Task to carry out: In the material below, find the line with "1 - Q2 English" and the line with "-姜武烧烤(赛格广场店)". Output exactly those two lines and all lines between them, leaving out pictures.

Data shown:

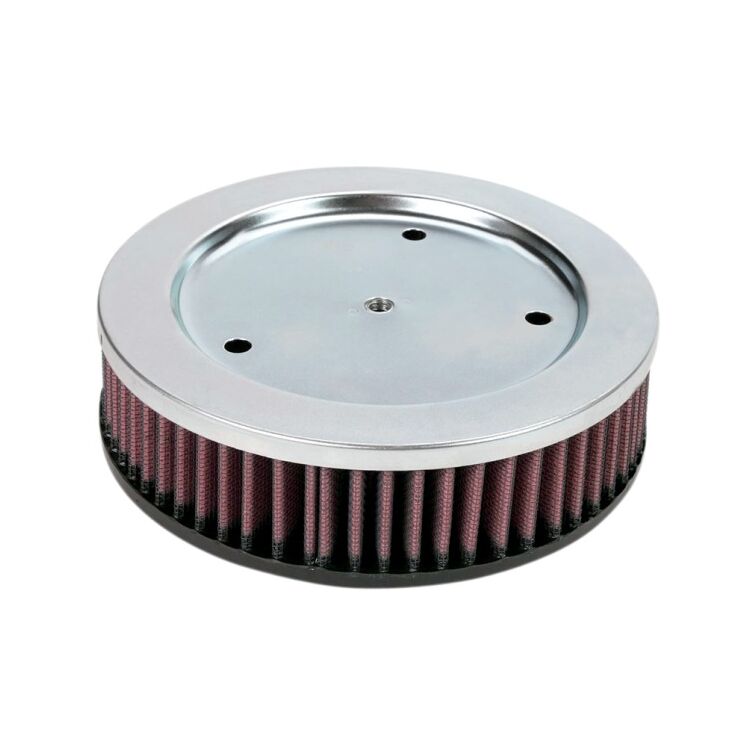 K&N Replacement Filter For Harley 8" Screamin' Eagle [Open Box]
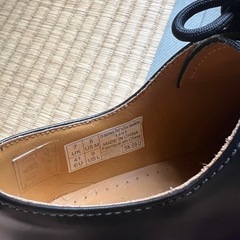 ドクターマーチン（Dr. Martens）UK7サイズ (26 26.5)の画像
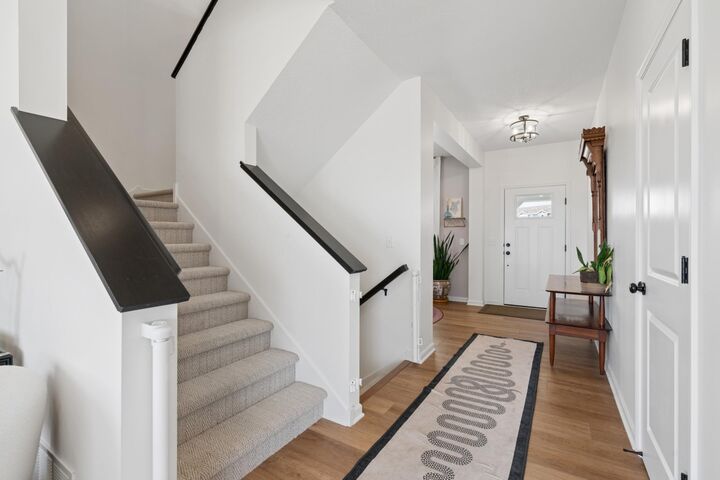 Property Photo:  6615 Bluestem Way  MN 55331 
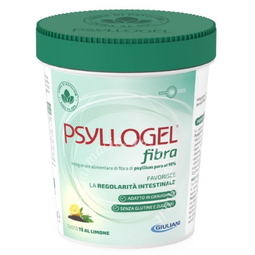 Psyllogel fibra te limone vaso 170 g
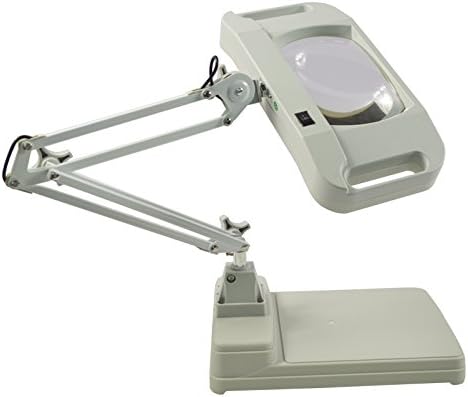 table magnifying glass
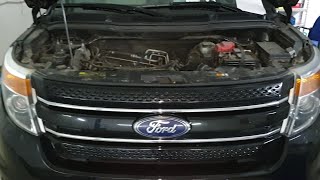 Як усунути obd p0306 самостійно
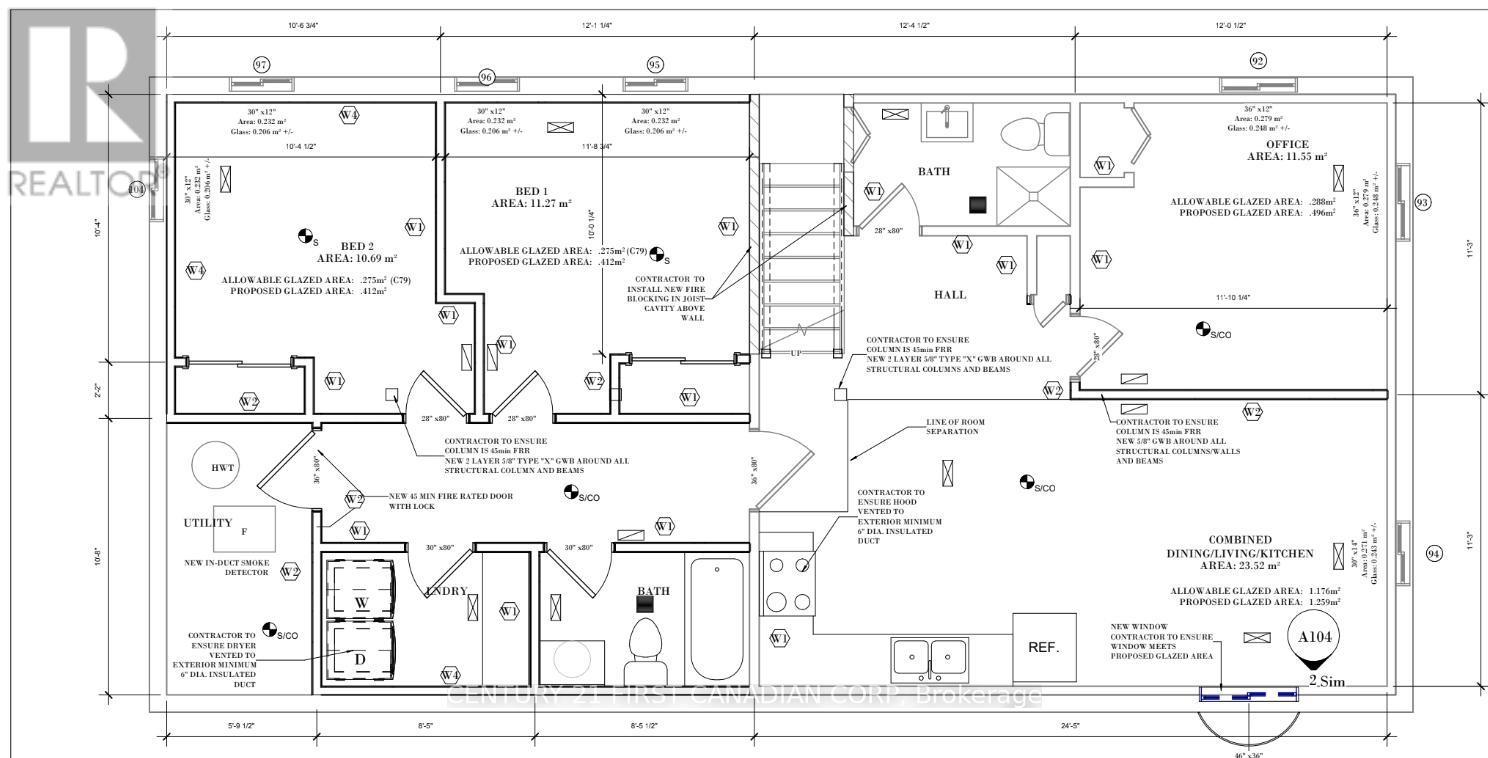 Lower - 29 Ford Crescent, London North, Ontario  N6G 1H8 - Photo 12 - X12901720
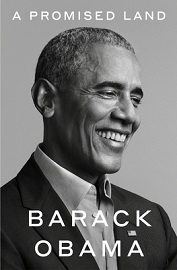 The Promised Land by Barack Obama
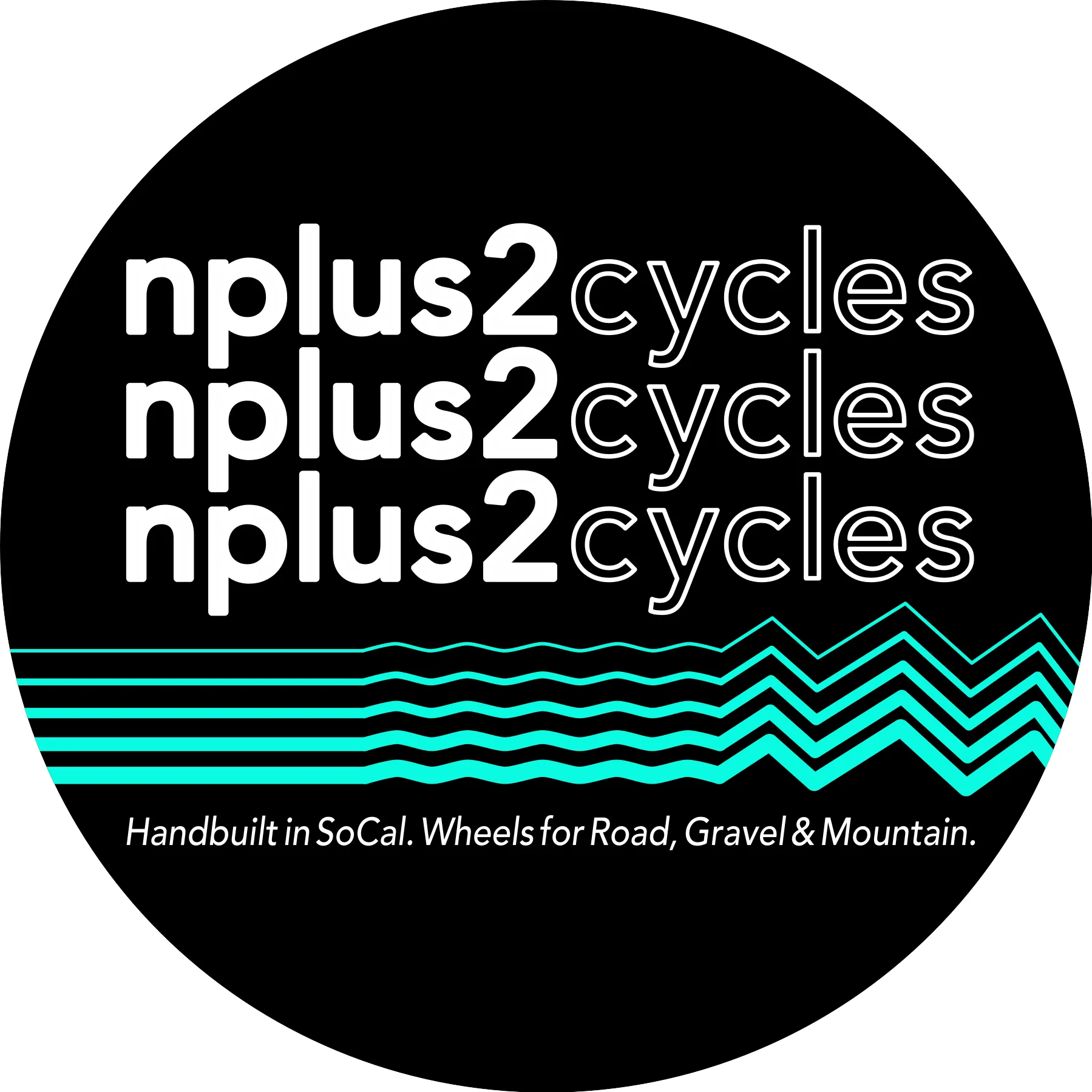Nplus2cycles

--

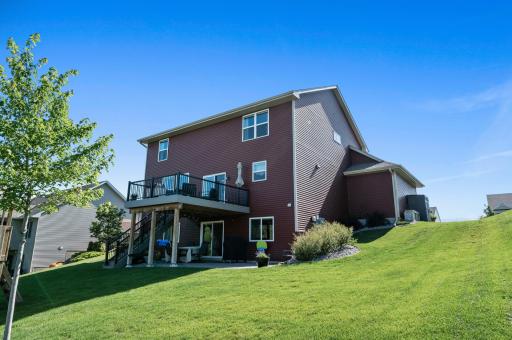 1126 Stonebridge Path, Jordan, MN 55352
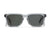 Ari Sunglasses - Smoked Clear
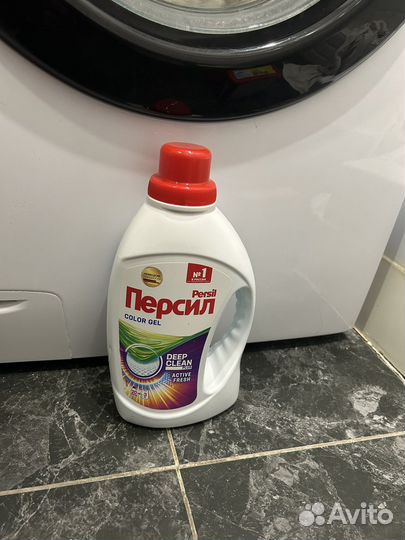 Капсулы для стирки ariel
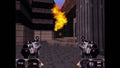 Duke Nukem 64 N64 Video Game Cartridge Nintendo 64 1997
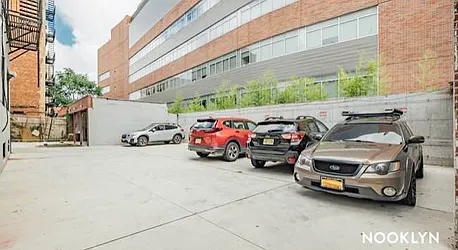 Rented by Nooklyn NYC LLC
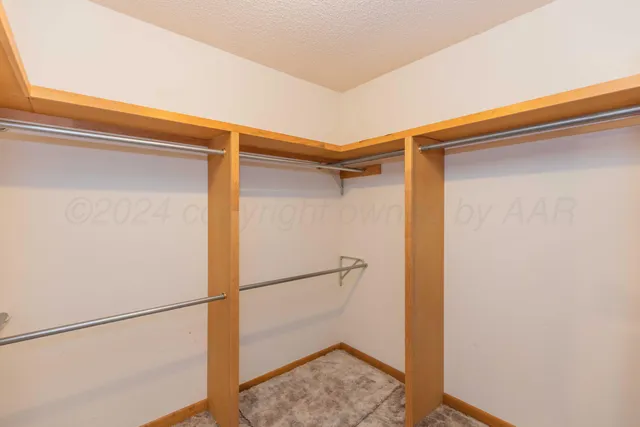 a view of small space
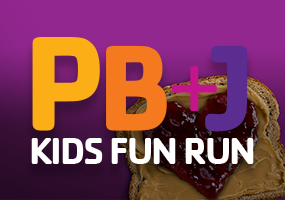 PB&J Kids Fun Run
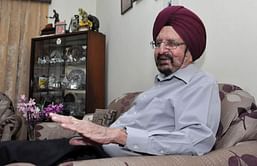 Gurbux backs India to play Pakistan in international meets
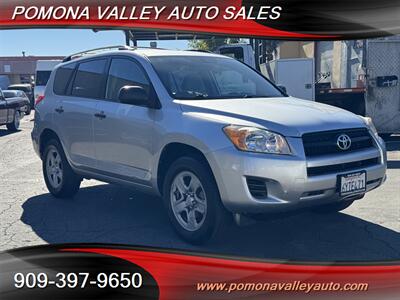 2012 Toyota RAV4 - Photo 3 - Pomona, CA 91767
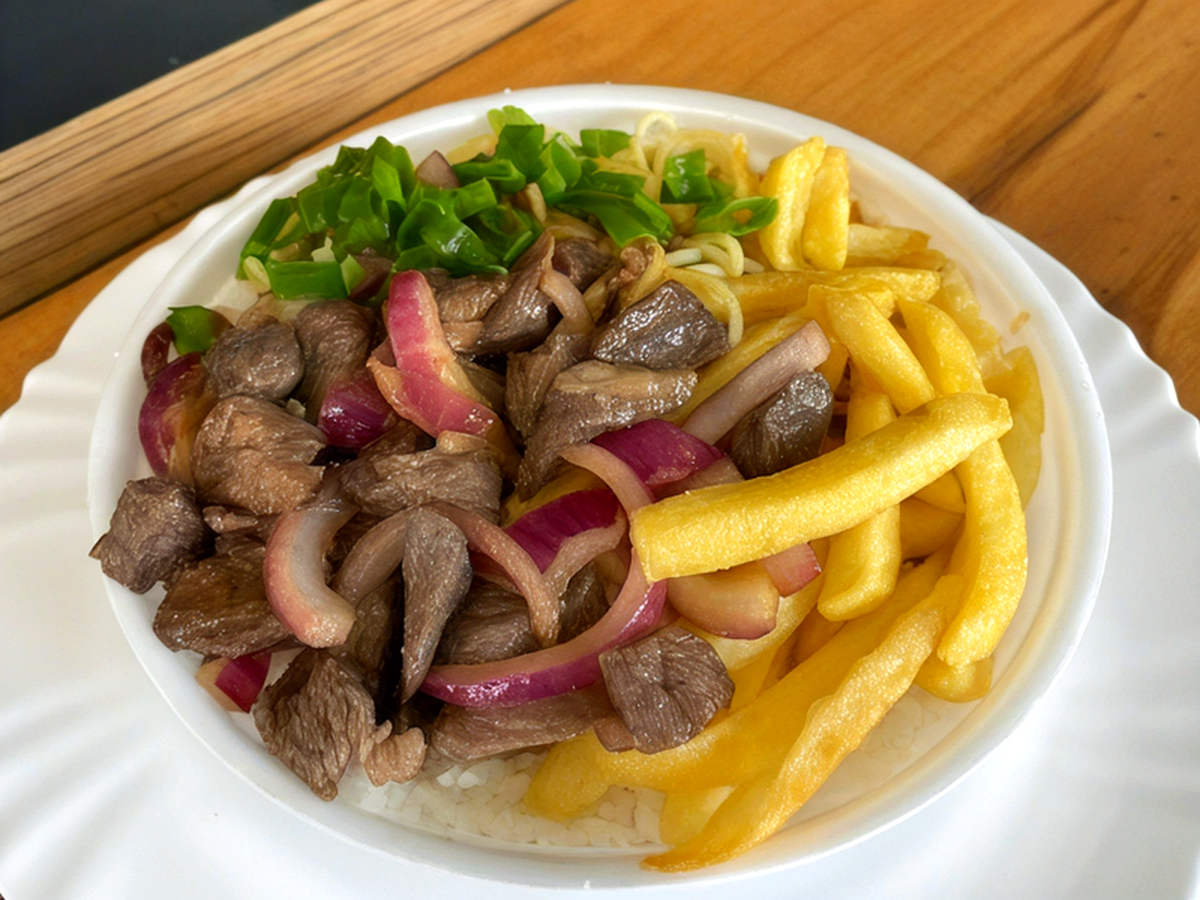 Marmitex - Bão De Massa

* * *

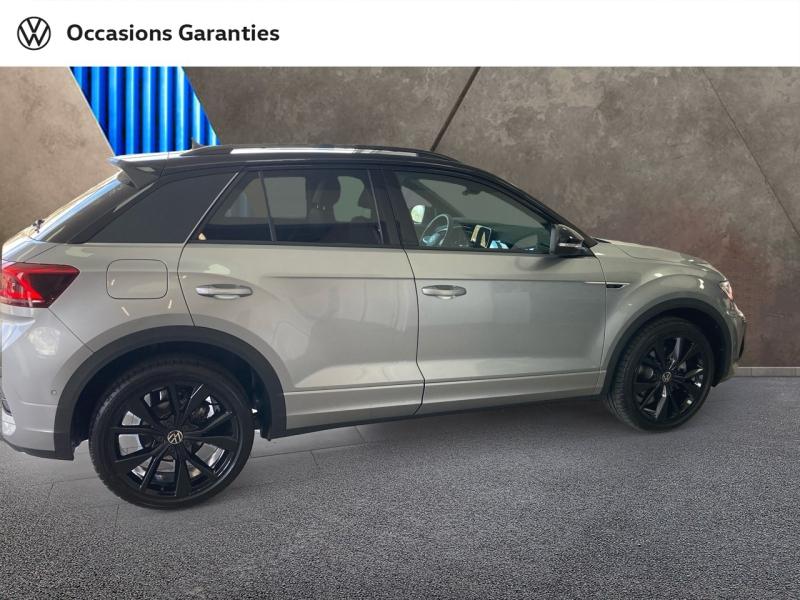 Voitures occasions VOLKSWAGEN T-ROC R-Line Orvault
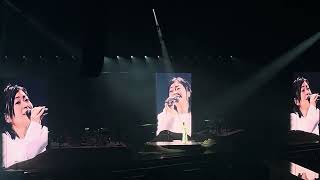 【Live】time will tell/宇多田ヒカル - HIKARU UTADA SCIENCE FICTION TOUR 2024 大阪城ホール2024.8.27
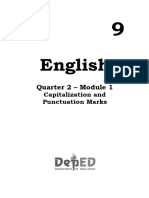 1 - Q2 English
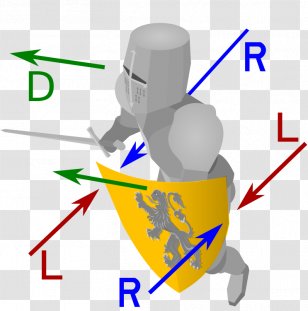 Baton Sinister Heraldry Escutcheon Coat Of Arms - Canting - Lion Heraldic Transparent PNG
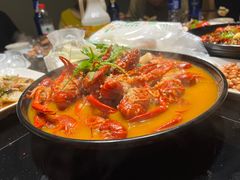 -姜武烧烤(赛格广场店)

Answer to the exercise:
 1 - Q2 English
 Baton Sinister Heraldry Escutcheon Coat Of Arms - Canting - Lion Heraldic Transparent PNG
 -姜武烧烤(赛格广场店)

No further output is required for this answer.